Yeah, indefinite advancement with no scaling is the number one way to get to this thing you’re trying to avoid:
- Giant, insurmountable gulfs in power level between ‘old’ characters and ‘new’ characters.
There are a handful of ideas I am considering:
- Use classes and restrict some things behind classes.
This does sound like basically a form of enforced specialization, which is something I think is good to reward in general. I am a fan of systems that reward specialization in some fashion. It could be something like this, where you’re just entirely locked out of certain routes based on a class you choose.
- Allow experience expenditure only on things you fail.
I don’t really understand this one. Just that you have to have failed a roll on something before you can raise it?
- Force choices between abilities in tiers.
Can you expand on that?
- Use a pyramid-type structure where you have to build the base of the pyramid to get to a higher tier of abilities. Make expansion of the base potentially more expensive over time so that being too broad gets prohibitively expensive.
Not sure I’m envisioning the pyramid-like structure accurately. I get making expansion of a base more expensive, but it also seems to suggest that the base abilities are all building to the same point, just higher. Are we talking more like a video game skill tree kind of deal, where you build in a certain path?

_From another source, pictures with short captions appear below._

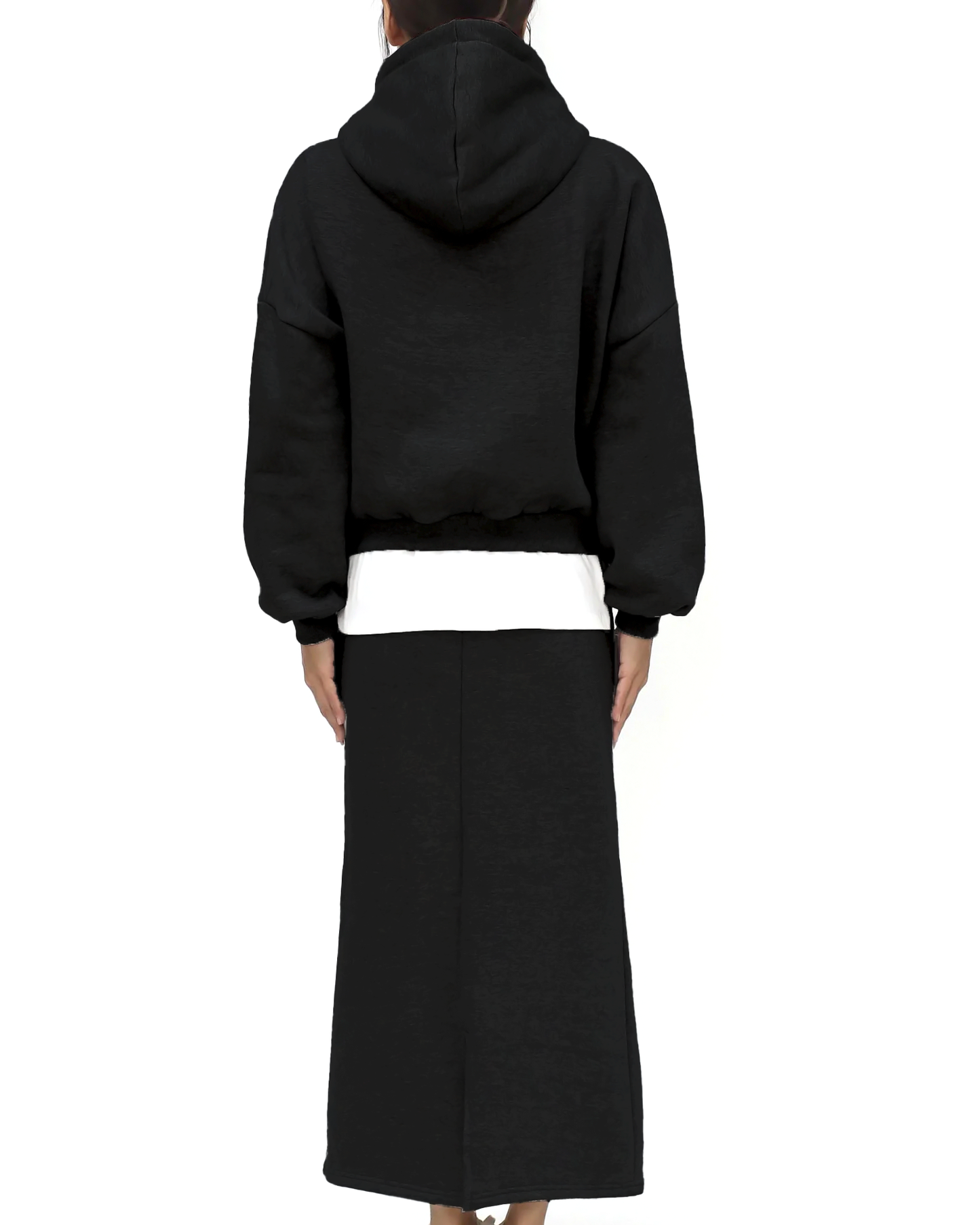 black embellished hoodie sweatshirt & skirt set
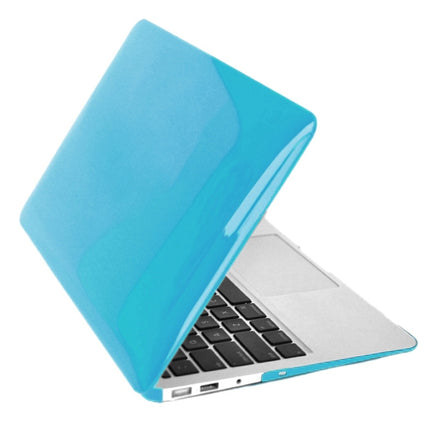 ENKAY for MacBook Air 11.6 inch (US Version) / A1370 / A1465 4 in 1 Crystal Hard Shell Plastic Protective Case with Screen Protector & Keyboard Guard & Anti-dust Plugs(Blue)-garmade.com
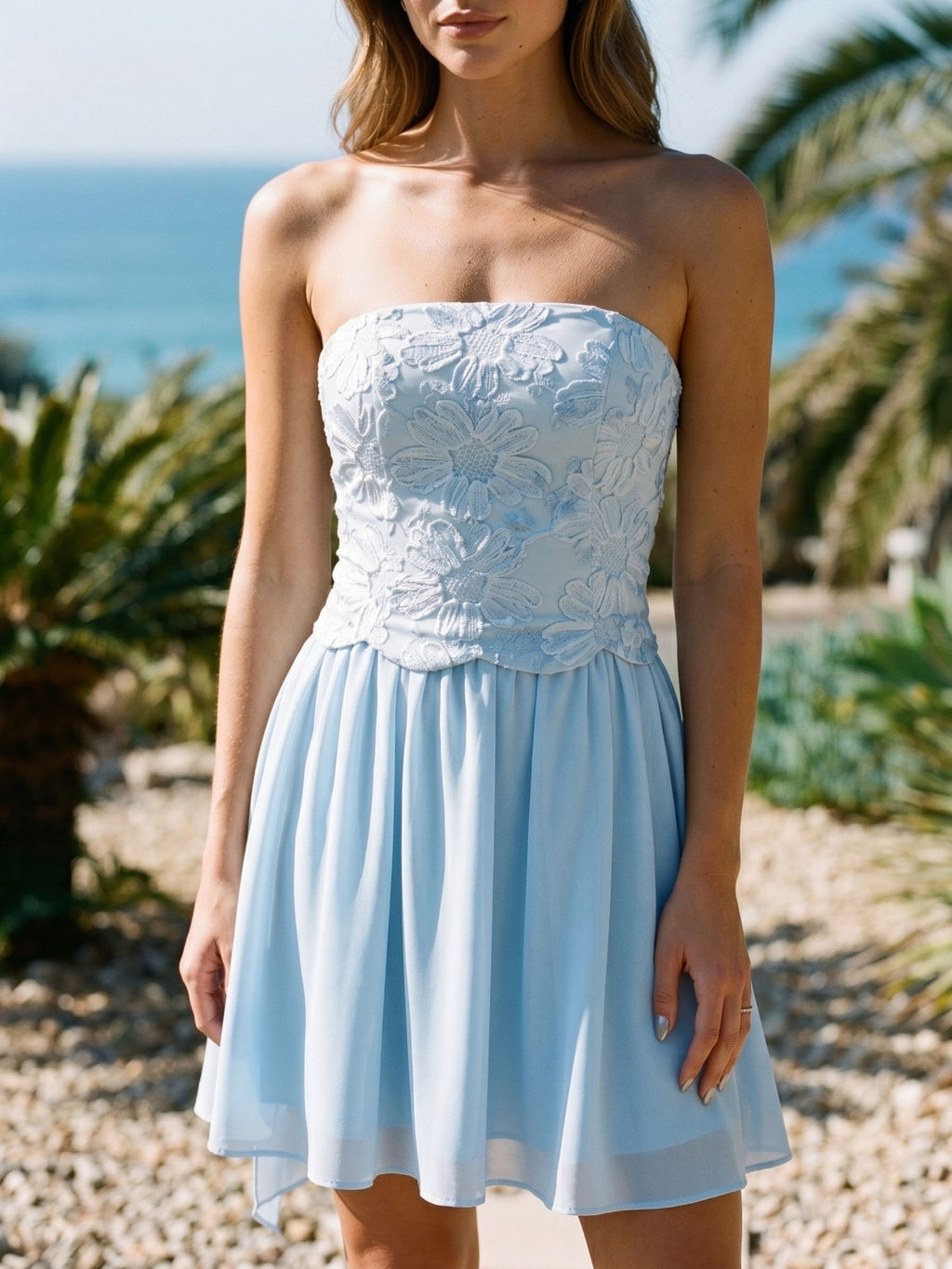 Sky Blue Chiffon A-Line Off-the-Shoulder Lace-Up Back Short Wedding Guest Dress with Sequins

I do think that if you want something along the lines of indefinite advancement on an unlimited time scale, and you don’t want something like an XP cap, that you’ll have to 1) reward specialization, and 2) make things more expensive the more things you have, in one way or another. You may not need to lock people out of different areas of skills entirely due to class, because sometimes players could probably come up with some cool combinations, but you might explore something like making it more expensive to buy skills in areas you’re not specialized in? Something like that. Maybe the more XP you’ve invested in swordfighting, the better you are at learning new swordfighting skills, but learning other stuff becomes harder.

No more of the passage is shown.